# Entries taken from a collection:
○ ○ ○ ○
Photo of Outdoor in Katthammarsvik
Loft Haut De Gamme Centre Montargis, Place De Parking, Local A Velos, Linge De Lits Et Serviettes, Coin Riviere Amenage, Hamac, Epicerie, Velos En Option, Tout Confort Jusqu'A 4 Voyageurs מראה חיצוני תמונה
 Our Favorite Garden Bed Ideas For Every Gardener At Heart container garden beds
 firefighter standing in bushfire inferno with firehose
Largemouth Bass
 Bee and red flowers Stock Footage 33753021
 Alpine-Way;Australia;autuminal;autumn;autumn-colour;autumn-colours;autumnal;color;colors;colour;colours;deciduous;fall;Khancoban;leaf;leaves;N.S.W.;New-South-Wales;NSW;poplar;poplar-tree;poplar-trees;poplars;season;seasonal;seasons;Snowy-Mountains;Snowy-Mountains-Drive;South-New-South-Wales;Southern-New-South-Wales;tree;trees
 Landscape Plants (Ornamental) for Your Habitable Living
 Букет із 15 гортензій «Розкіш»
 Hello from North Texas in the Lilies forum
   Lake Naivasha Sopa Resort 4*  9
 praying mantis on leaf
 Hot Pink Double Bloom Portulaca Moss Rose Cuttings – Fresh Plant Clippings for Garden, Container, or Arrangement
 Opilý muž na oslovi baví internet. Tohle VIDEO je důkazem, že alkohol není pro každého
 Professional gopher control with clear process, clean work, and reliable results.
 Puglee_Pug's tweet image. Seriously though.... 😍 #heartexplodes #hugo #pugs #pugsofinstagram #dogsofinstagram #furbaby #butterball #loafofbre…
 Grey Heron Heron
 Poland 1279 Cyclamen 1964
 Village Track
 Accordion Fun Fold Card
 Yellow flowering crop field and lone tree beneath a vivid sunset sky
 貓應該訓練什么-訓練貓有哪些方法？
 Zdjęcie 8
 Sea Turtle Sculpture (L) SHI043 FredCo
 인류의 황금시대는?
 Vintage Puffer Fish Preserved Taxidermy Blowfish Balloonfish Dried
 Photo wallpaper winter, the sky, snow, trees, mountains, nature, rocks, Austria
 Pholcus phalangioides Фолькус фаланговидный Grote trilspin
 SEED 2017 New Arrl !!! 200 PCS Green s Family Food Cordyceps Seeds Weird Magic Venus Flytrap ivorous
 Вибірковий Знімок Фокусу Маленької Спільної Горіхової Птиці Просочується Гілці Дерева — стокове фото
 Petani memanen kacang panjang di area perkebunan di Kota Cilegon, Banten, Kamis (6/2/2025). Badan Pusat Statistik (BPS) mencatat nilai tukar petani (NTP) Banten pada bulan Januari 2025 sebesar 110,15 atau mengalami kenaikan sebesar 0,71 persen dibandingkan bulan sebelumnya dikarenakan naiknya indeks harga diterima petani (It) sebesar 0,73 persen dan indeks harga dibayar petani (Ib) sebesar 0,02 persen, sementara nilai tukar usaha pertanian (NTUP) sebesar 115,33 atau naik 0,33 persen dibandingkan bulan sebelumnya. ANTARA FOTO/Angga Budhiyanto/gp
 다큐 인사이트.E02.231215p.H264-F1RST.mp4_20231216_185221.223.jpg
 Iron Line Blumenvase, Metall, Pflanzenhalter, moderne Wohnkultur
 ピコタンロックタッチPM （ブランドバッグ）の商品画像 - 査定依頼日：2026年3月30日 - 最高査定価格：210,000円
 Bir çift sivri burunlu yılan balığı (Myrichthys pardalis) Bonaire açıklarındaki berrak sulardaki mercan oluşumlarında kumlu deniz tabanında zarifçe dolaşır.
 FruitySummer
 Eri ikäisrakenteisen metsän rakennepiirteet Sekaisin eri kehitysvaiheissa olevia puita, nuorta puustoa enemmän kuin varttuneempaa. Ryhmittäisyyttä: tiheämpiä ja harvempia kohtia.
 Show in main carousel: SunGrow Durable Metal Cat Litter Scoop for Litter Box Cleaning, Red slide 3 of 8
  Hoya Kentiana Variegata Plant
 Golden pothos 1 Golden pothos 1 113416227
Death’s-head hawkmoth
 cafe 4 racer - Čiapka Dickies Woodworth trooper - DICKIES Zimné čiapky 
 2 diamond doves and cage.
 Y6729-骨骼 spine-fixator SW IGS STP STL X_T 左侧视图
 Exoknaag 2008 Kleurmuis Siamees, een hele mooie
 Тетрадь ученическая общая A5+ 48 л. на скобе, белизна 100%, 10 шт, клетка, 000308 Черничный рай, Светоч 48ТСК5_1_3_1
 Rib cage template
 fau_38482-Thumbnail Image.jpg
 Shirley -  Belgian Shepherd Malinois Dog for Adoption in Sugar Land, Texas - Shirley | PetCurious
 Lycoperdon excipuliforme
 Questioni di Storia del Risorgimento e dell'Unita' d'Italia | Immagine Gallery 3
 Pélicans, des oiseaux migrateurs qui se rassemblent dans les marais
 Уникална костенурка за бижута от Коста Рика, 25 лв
○ ○ ○ ○
# TASK TO COMPLETE:
Return every record above. Copy each one exactly.

# REPLY TO THE TASK:
Photo of Outdoor in Katthammarsvik
Loft Haut De Gamme Centre Montargis, Place De Parking, Local A Velos, Linge De Lits Et Serviettes, Coin Riviere Amenage, Hamac, Epicerie, Velos En Option, Tout Confort Jusqu'A 4 Voyageurs מראה חיצוני תמונה
 Our Favorite Garden Bed Ideas For Every Gardener At Heart container garden beds
 firefighter standing in bushfire inferno with firehose
Largemouth Bass
 Bee and red flowers Stock Footage 33753021
 Alpine-Way;Australia;autuminal;autumn;autumn-colour;autumn-colours;autumnal;color;colors;colour;colours;deciduous;fall;Khancoban;leaf;leaves;N.S.W.;New-South-Wales;NSW;poplar;poplar-tree;poplar-trees;poplars;season;seasonal;seasons;Snowy-Mountains;Snowy-Mountains-Drive;South-New-South-Wales;Southern-New-South-Wales;tree;trees
 Landscape Plants (Ornamental) for Your Habitable Living
 Букет із 15 гортензій «Розкіш»
 Hello from North Texas in the Lilies forum
   Lake Naivasha Sopa Resort 4*  9
 praying mantis on leaf
 Hot Pink Double Bloom Portulaca Moss Rose Cuttings – Fresh Plant Clippings for Garden, Container, or Arrangement
 Opilý muž na oslovi baví internet. Tohle VIDEO je důkazem, že alkohol není pro každého
 Professional gopher control with clear process, clean work, and reliable results.
 Puglee_Pug's tweet image. Seriously though.... 😍 #heartexplodes #hugo #pugs #pugsofinstagram #dogsofinstagram #furbaby #butterball #loafofbre…
 Grey Heron Heron
 Poland 1279 Cyclamen 1964
 Village Track
 Accordion Fun Fold Card
 Yellow flowering crop field and lone tree beneath a vivid sunset sky
 貓應該訓練什么-訓練貓有哪些方法？
 Zdjęcie 8
 Sea Turtle Sculpture (L) SHI043 FredCo
 인류의 황금시대는?
 Vintage Puffer Fish Preserved Taxidermy Blowfish Balloonfish Dried
 Photo wallpaper winter, the sky, snow, trees, mountains, nature, rocks, Austria
 Pholcus phalangioides Фолькус фаланговидный Grote trilspin
 SEED 2017 New Arrl !!! 200 PCS Green s Family Food Cordyceps Seeds Weird Magic Venus Flytrap ivorous
 Вибірковий Знімок Фокусу Маленької Спільної Горіхової Птиці Просочується Гілці Дерева — стокове фото
 Petani memanen kacang panjang di area perkebunan di Kota Cilegon, Banten, Kamis (6/2/2025). Badan Pusat Statistik (BPS) mencatat nilai tukar petani (NTP) Banten pada bulan Januari 2025 sebesar 110,15 atau mengalami kenaikan sebesar 0,71 persen dibandingkan bulan sebelumnya dikarenakan naiknya indeks harga diterima petani (It) sebesar 0,73 persen dan indeks harga dibayar petani (Ib) sebesar 0,02 persen, sementara nilai tukar usaha pertanian (NTUP) sebesar 115,33 atau naik 0,33 persen dibandingkan bulan sebelumnya. ANTARA FOTO/Angga Budhiyanto/gp
 다큐 인사이트.E02.231215p.H264-F1RST.mp4_20231216_185221.223.jpg
 Iron Line Blumenvase, Metall, Pflanzenhalter, moderne Wohnkultur
 ピコタンロックタッチPM （ブランドバッグ）の商品画像 - 査定依頼日：2026年3月30日 - 最高査定価格：210,000円
 Bir çift sivri burunlu yılan balığı (Myrichthys pardalis) Bonaire açıklarındaki berrak sulardaki mercan oluşumlarında kumlu deniz tabanında zarifçe dolaşır.
 FruitySummer
 Eri ikäisrakenteisen metsän rakennepiirteet Sekaisin eri kehitysvaiheissa olevia puita, nuorta puustoa enemmän kuin varttuneempaa. Ryhmittäisyyttä: tiheämpiä ja harvempia kohtia.
 Show in main carousel: SunGrow Durable Metal Cat Litter Scoop for Litter Box Cleaning, Red slide 3 of 8
  Hoya Kentiana Variegata Plant
 Golden pothos 1 Golden pothos 1 113416227
Death’s-head hawkmoth
 cafe 4 racer - Čiapka Dickies Woodworth trooper - DICKIES Zimné čiapky 
 2 diamond doves and cage.
 Y6729-骨骼 spine-fixator SW IGS STP STL X_T 左侧视图
 Exoknaag 2008 Kleurmuis Siamees, een hele mooie
 Тетрадь ученическая общая A5+ 48 л. на скобе, белизна 100%, 10 шт, клетка, 000308 Черничный рай, Светоч 48ТСК5_1_3_1
 Rib cage template
 fau_38482-Thumbnail Image.jpg
 Shirley -  Belgian Shepherd Malinois Dog for Adoption in Sugar Land, Texas - Shirley | PetCurious
 Lycoperdon excipuliforme
 Questioni di Storia del Risorgimento e dell'Unita' d'Italia | Immagine Gallery 3
 Pélicans, des oiseaux migrateurs qui se rassemblent dans les marais
 Уникална костенурка за бижута от Коста Рика, 25 лв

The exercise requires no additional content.